Provided data:
..............................

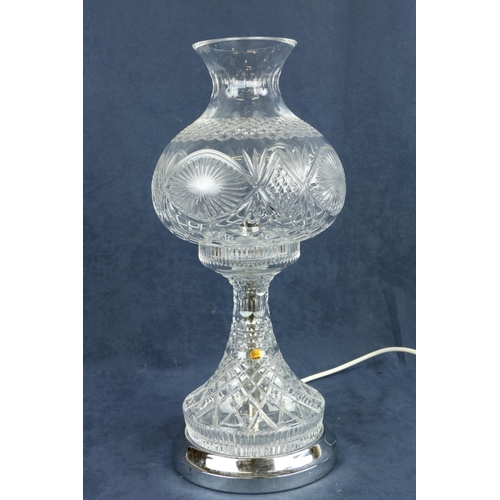 269 - A Tipperary crystal Table Lamp, with bulbous shade on circular stainless base, 17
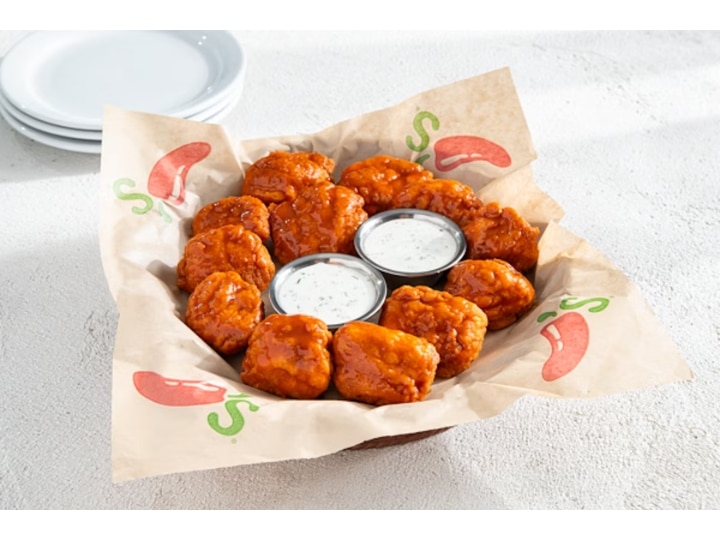 A bunch of boneless buffalo wings with two cups of ranch in a basket.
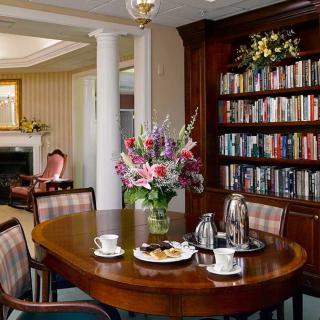 A cozy reading room with a wooden table, flowers, and a bookshelf filled with books.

..............................

Your objective:
Would you reproduce the listing above in full and exactly, without its pictures?

Answer section:
 269 - A Tipperary crystal Table Lamp, with bulbous shade on circular stainless base, 17
 A bunch of boneless buffalo wings with two cups of ranch in a basket.
 A cozy reading room with a wooden table, flowers, and a bookshelf filled with books.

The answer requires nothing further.